* **What to produce**: Starting at the line that contains "Пустушка BIBS Boheme, Round, Blossom", reproduce only the lines through the end of the data, exactly, including both the first and the last; skip the pictures.

***** Data for this exercise *****

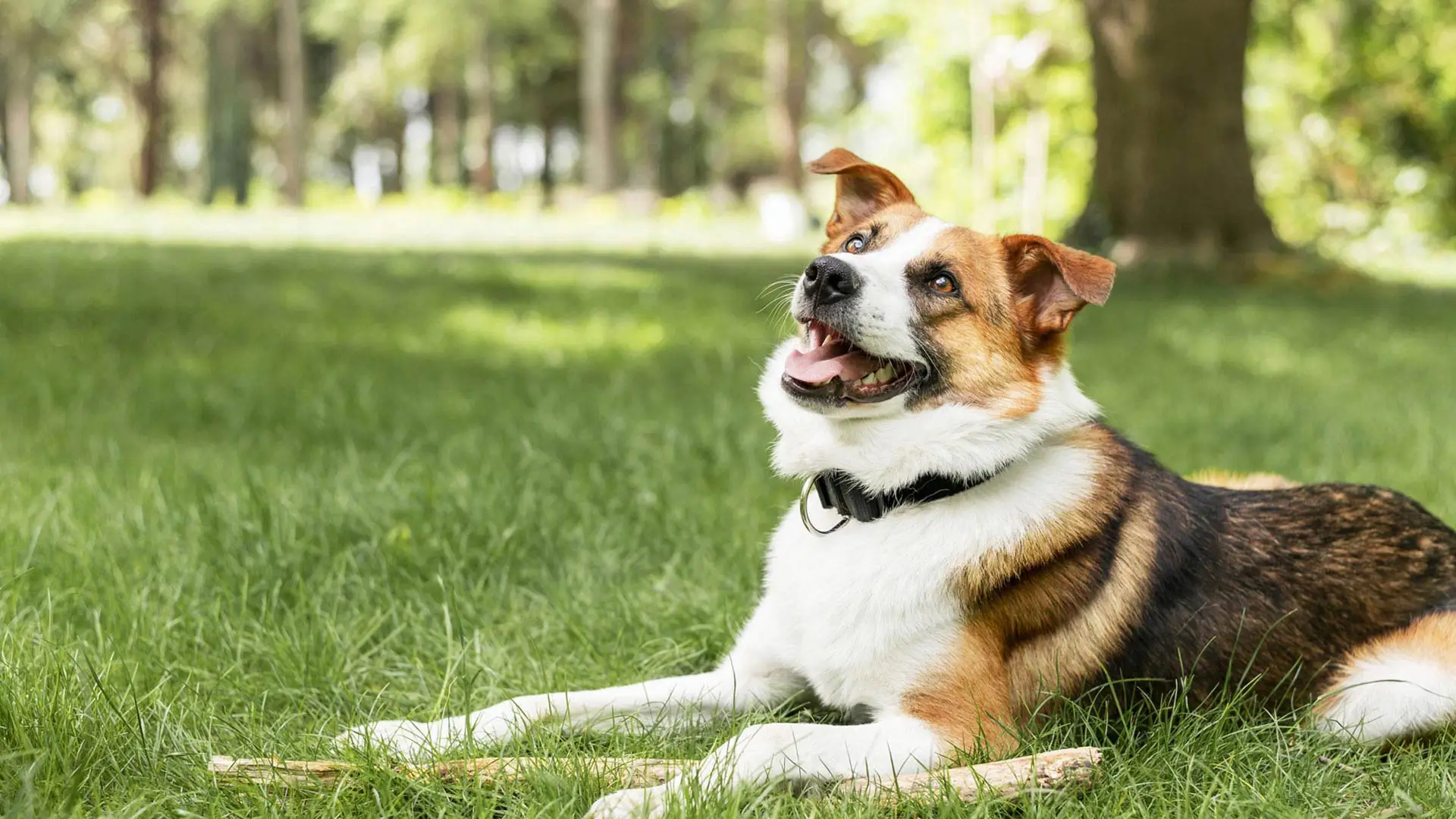 Happy dog laying in the grass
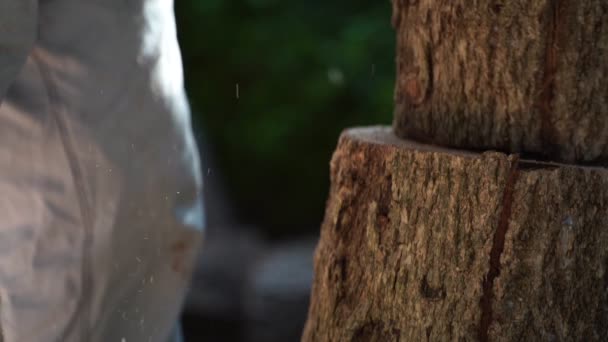 电锯在森林里砍树造屋生柴毁林的概念 — 图库视频影像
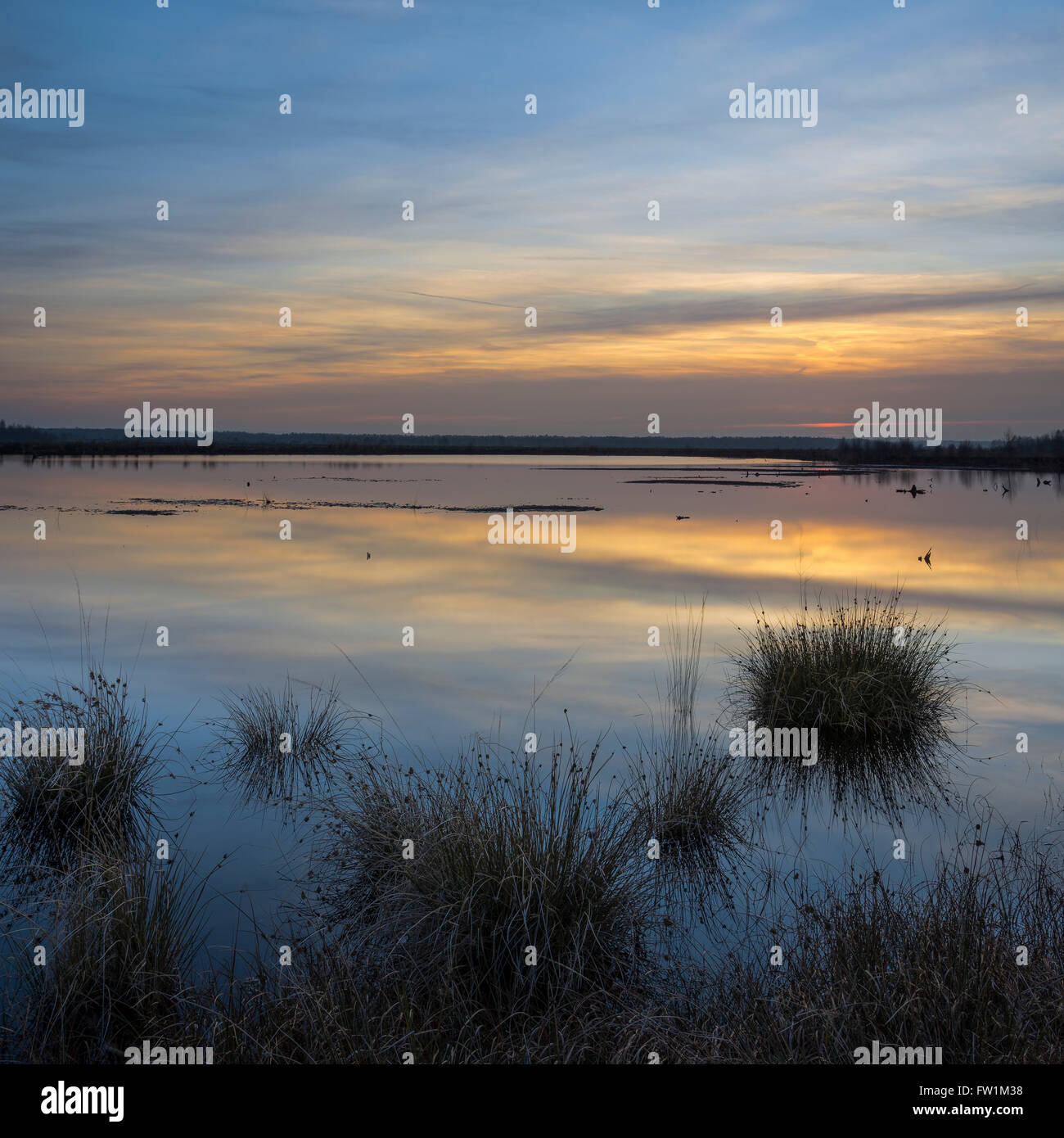 Brughiere, bog lago, Neustadt am Rübenberge, Regione di Hannover, Bassa Sassonia, Germania Foto Stock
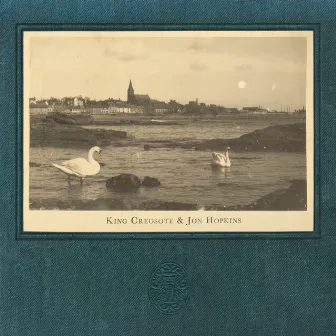 Third Swan by King Creosote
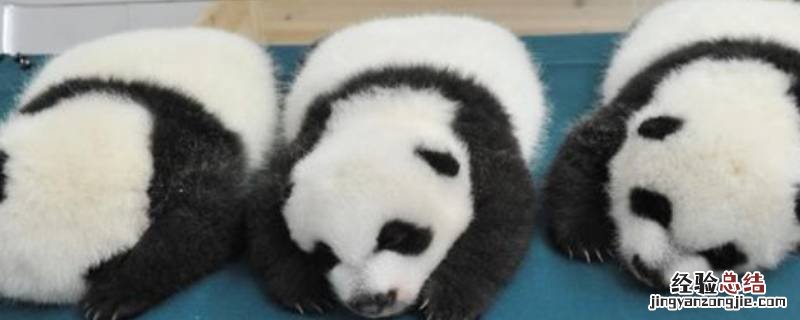 大熊猫的天敌是什么动物? 大熊猫的天敌是什么动物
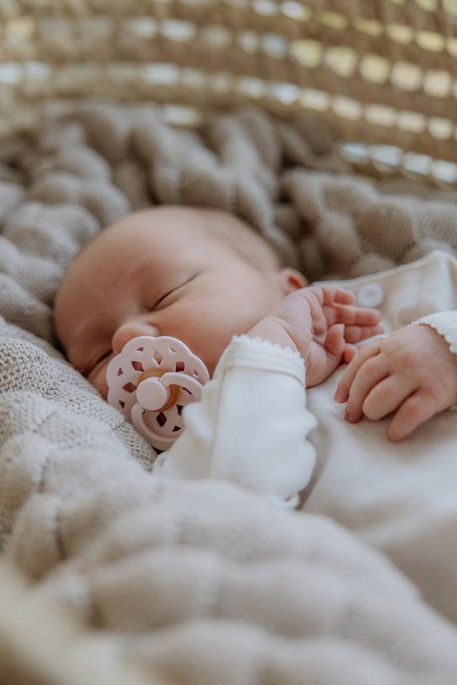 Пустушка BIBS Boheme, Round, Blossom - фото 1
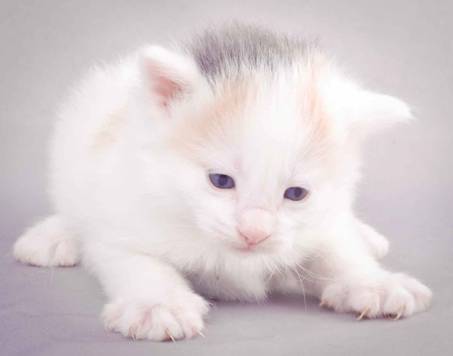 Description: J:\Pictures\L-kull\L-kull_3weeks\20101129_L-kull_3weeks_019.jpg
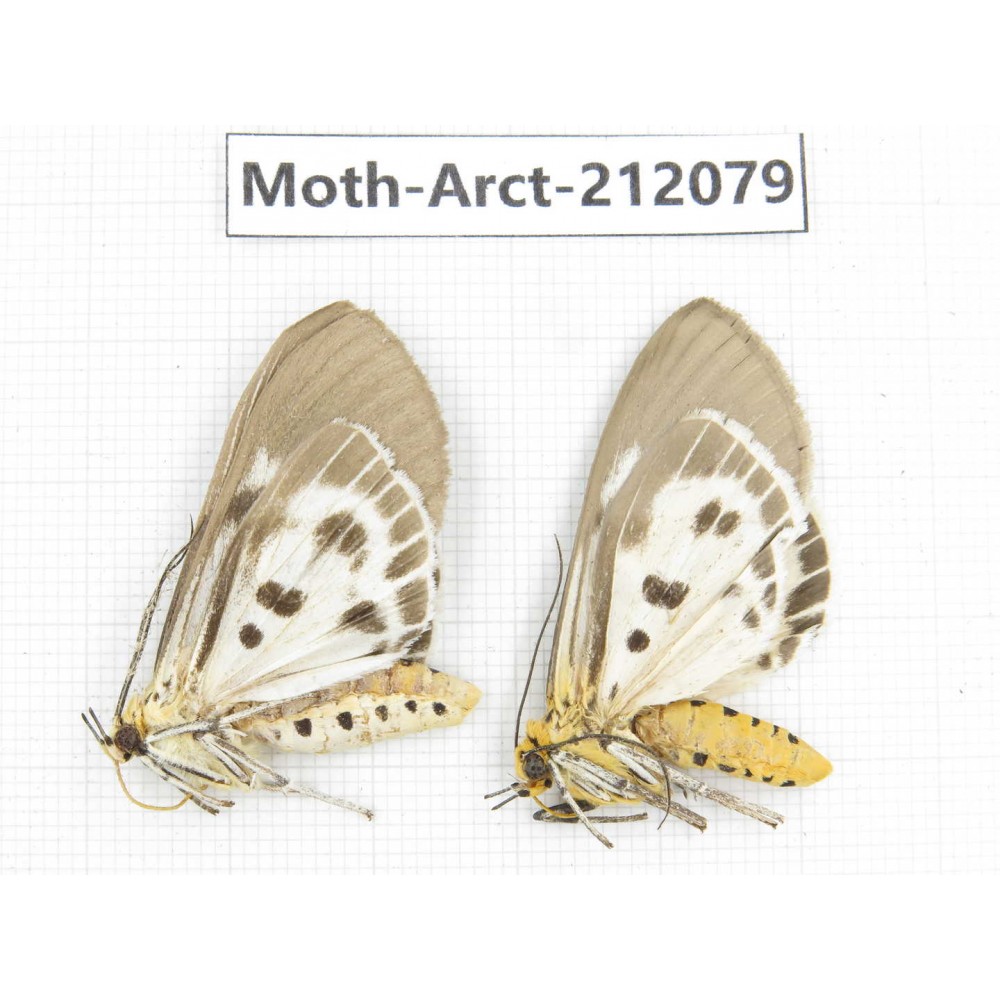 Arctiidae sp. China, Guizhou, Bijie area, Jinsha county. 2Pcs. Moth-Arct-212079.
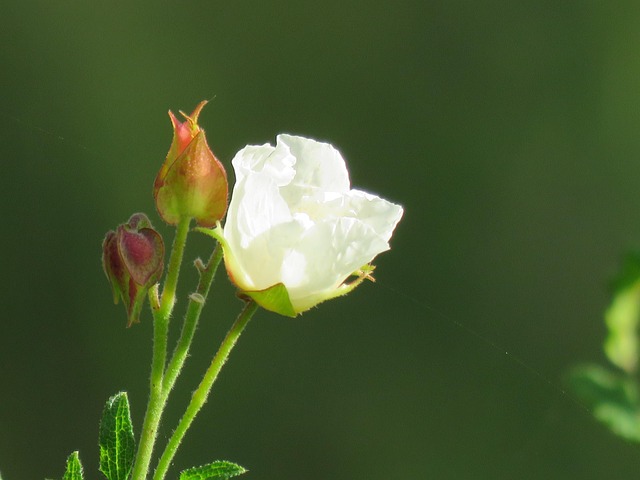Free Flower Nature photo and picture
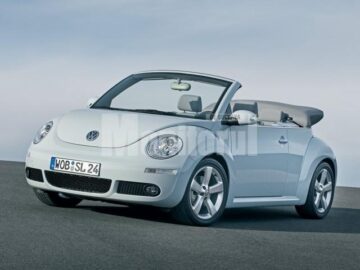 VW Beetle are 10 anișori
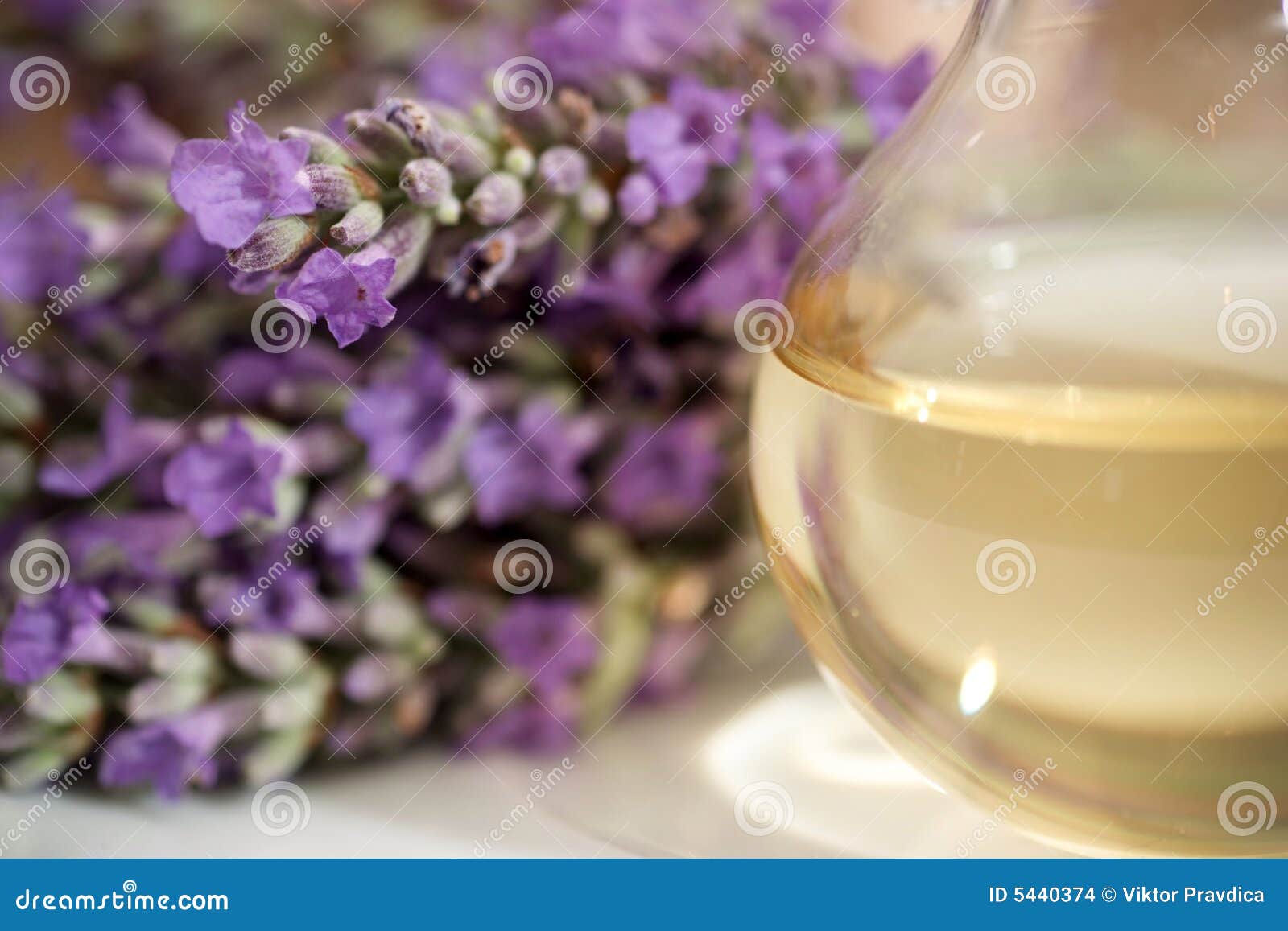 lavender essence oil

*****

* **Solution for this task**:
 Пустушка BIBS Boheme, Round, Blossom - фото 1
 Description: J:\Pictures\L-kull\L-kull_3weeks\20101129_L-kull_3weeks_019.jpg
 Arctiidae sp. China, Guizhou, Bijie area, Jinsha county. 2Pcs. Moth-Arct-212079.
Free Flower Nature photo and picture
 VW Beetle are 10 anișori
 lavender essence oil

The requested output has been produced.